## Required action:
Every entry below needs to be repeated exactly as written.

## Input:
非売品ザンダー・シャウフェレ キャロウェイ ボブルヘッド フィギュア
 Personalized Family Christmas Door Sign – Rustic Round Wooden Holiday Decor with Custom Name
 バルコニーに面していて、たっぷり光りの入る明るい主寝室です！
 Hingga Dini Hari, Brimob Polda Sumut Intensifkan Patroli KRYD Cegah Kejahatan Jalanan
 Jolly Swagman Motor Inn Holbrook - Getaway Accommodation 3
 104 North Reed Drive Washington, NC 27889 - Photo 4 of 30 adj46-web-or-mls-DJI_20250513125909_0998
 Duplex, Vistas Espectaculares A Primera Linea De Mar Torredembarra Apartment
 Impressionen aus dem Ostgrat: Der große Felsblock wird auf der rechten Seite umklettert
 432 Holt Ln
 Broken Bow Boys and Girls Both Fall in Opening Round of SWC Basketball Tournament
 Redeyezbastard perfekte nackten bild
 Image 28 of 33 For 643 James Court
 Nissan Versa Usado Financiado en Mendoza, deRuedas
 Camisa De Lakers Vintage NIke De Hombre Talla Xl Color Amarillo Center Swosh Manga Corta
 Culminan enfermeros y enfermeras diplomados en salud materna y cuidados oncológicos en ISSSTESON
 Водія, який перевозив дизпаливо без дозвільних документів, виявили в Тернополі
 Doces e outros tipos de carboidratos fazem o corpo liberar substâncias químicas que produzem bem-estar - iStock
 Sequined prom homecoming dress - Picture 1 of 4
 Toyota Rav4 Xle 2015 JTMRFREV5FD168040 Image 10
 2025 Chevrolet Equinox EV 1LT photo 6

## Task response:
非売品ザンダー・シャウフェレ キャロウェイ ボブルヘッド フィギュア
 Personalized Family Christmas Door Sign – Rustic Round Wooden Holiday Decor with Custom Name
 バルコニーに面していて、たっぷり光りの入る明るい主寝室です！
 Hingga Dini Hari, Brimob Polda Sumut Intensifkan Patroli KRYD Cegah Kejahatan Jalanan
 Jolly Swagman Motor Inn Holbrook - Getaway Accommodation 3
 104 North Reed Drive Washington, NC 27889 - Photo 4 of 30 adj46-web-or-mls-DJI_20250513125909_0998
 Duplex, Vistas Espectaculares A Primera Linea De Mar Torredembarra Apartment
 Impressionen aus dem Ostgrat: Der große Felsblock wird auf der rechten Seite umklettert
 432 Holt Ln
 Broken Bow Boys and Girls Both Fall in Opening Round of SWC Basketball Tournament
 Redeyezbastard perfekte nackten bild
 Image 28 of 33 For 643 James Court
 Nissan Versa Usado Financiado en Mendoza, deRuedas
 Camisa De Lakers Vintage NIke De Hombre Talla Xl Color Amarillo Center Swosh Manga Corta
 Culminan enfermeros y enfermeras diplomados en salud materna y cuidados oncológicos en ISSSTESON
 Водія, який перевозив дизпаливо без дозвільних документів, виявили в Тернополі
 Doces e outros tipos de carboidratos fazem o corpo liberar substâncias químicas que produzem bem-estar - iStock
 Sequined prom homecoming dress - Picture 1 of 4
 Toyota Rav4 Xle 2015 JTMRFREV5FD168040 Image 10
 2025 Chevrolet Equinox EV 1LT photo 6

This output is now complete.